Congress passed 133 broadband programs. Its Big Idea Is a 134th.

There are things that a free market will never do, and it’s usually for very good reasons.
Running fiber-optic cable down a twelve-mile dirt road costs a fortune, and the handful of households scattered along that road will never pay enough in monthly bills to justify the cost of laying the cable.
That’s why private companies don’t bother laying fiber in rural areas: the math doesn’t work.
But living out in the country is a choice— one that plenty of people gladly make. Some people value the space, the quiet, and the empty horizon far more than same-day Amazon delivery or 1 gigabit Internet.
And most people typically know about these trade-offs before they move out to the country. Urban and suburban conveniences are just that— conveniences. They are not inalienable “rights”. No one is entitled to fast internet.
Yet Congress has decided at least 133 times that fast Internet, is, in fact, a right. And one that they have decided to provide with your money.
Its biggest program is the Broadband Equity, Access, and Deployment program, known as BEAD. It was created in 2021 as part of Joe Biden’s staggering infrastructure bill, and over $42 billion was allocated to wire up rural America.

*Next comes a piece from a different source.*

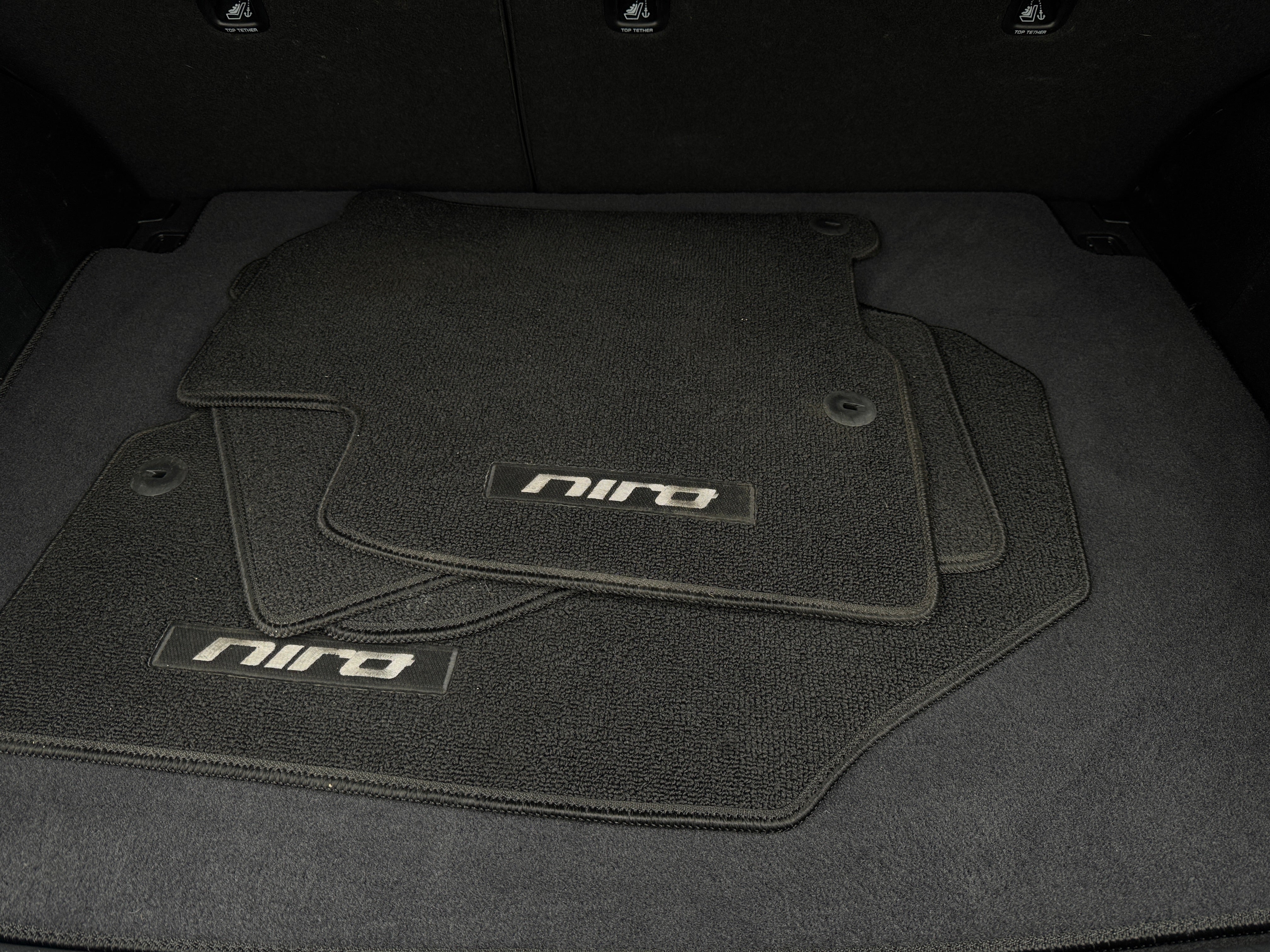 2022 Kia Niro EX 6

Five years later it has connected almost nobody. The first BEAD-funded household in the entire country came online only this spring— a single home near Ogallala, Nebraska, hooked up in May 2026. About a hundred more followed in rural Louisiana. That was the triumphant achievement of five years and ridiculous money spent: a couple hundred connected homes.

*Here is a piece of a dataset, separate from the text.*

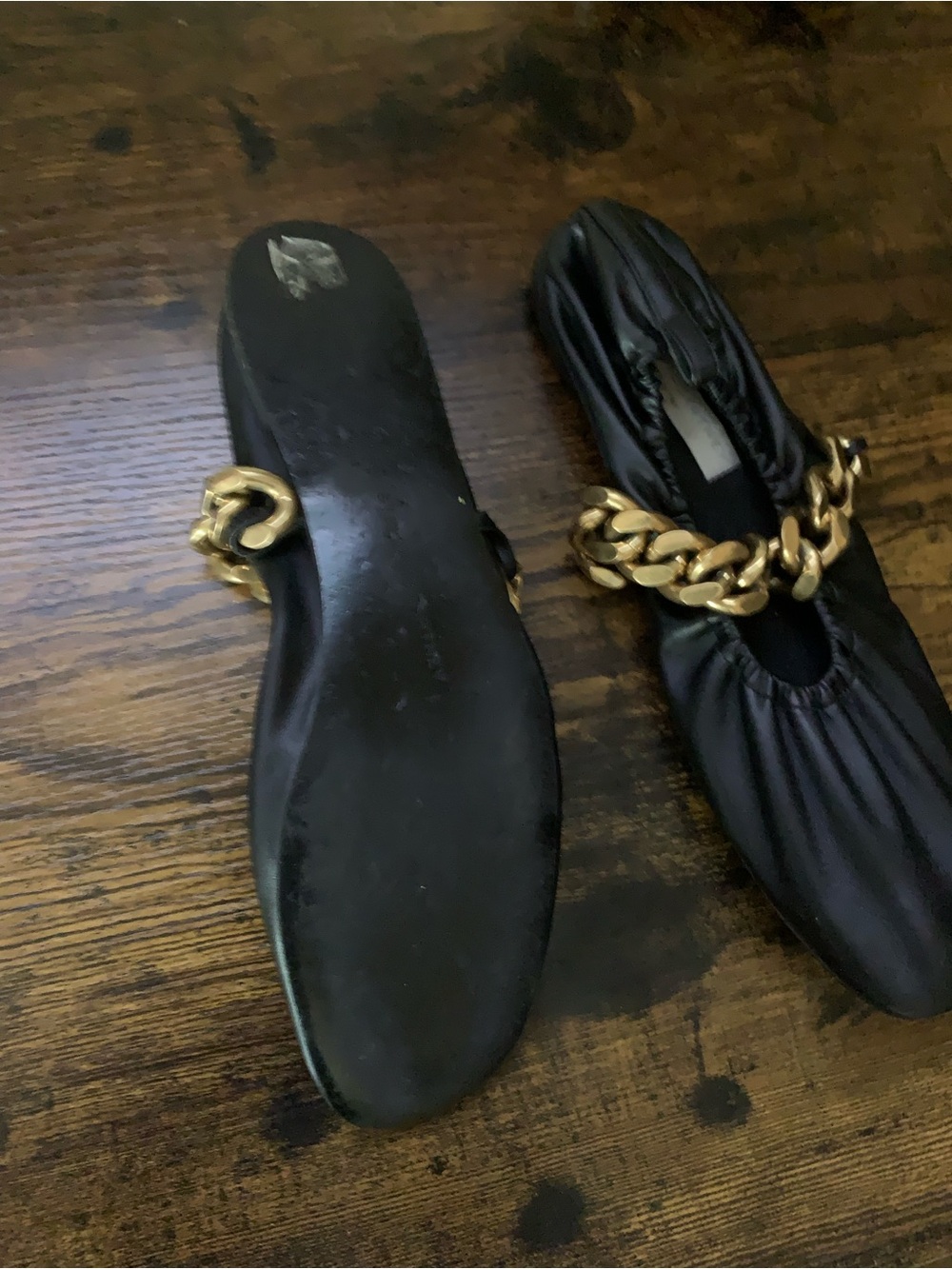 Stella McCartney Black Leather Ballet Flats with Gold Chain Detail - Picture 4 of 4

BEAD is far from alone. In 2023, the Government Accountability Office— Congress’s own watchdog— set out to count the federal government’s broadband programs and found more than 133 of them, scattered across 15 separate agencies.
These programs are largely similar yet have no coordinated plan to prevent overlap, or wiring the same stretch of dirt twice.
The GAO told them to sort it out. When it checked back in 2025, most of the work hadn’t been touched.
So what do you do about 133 overlapping programs and a flagship that spent billions to connect a couple hundred homes?
If you’re the United States Congress, you add a 134th broadband program!
On June 3, the House Rules Committee advanced next year’s Agriculture spending bill with fresh loans and grants for the US Department of Agriculture’s ReConnect program— the 134th rural broadband fund, stacked on the $42 billion one that barely works and the 133 others nobody can keep track of.
A private company that spends so much money to connect a couple hundred homes would be bankrupt, and its executives likely facing criminal charges. A federal agency that does it gets a sequel.
What makes it worse is that the problem was already solved by the free market.
Anyone at the end of a dirt road can order a Starlink dish online and have high-speed internet running within about a week— no federal fiber, no years-long wait, no act of Congress.
For that $42 billion price tag, the US taxpayer could have bought a Starlink dish for every one of the top-end estimate of 12 million unserved households in America AND prepaid their internet service for the next five years.
So where did that money go?
It is egregious. The government borrows $2 trillion a year to do this sort of garbage, and acts like a single dollar cut from the budget would throw single mothers out on the streets. They literally wail that “people will die”.
And half the country thinks the answer is to collect more in taxes!
Keep in mind, this $42 billion is part of the legitimate spending — not the $600 billion a year the Treasury Secretary estimates is lost to outright fraud, the $186 billion in improper payments the government admits to, or the hundreds of billions in legal graft on top.
All that borrowing and waste gets paid for one way or another— a weaker dollar, higher taxes, more inflation.
You can’t change any of that. But just like those people without internet on a dead-end road, you do have a choice.
That choice is a Plan B.
The tools to route around Congress already exist.
Owning real assets— gold, silver, energy, productive technology, and the well-managed businesses that produce them— protects your purchasing power when the government reaches for the printing press.
Moving some savings into stronger jurisdictions, establishing a second residency, and taking every legal step to cut your tax bill all mean that no single government’s incompetence has total claim over your life.
None of it requires predicting the next crisis. It benefits you, and gives you options, no matter what happens next.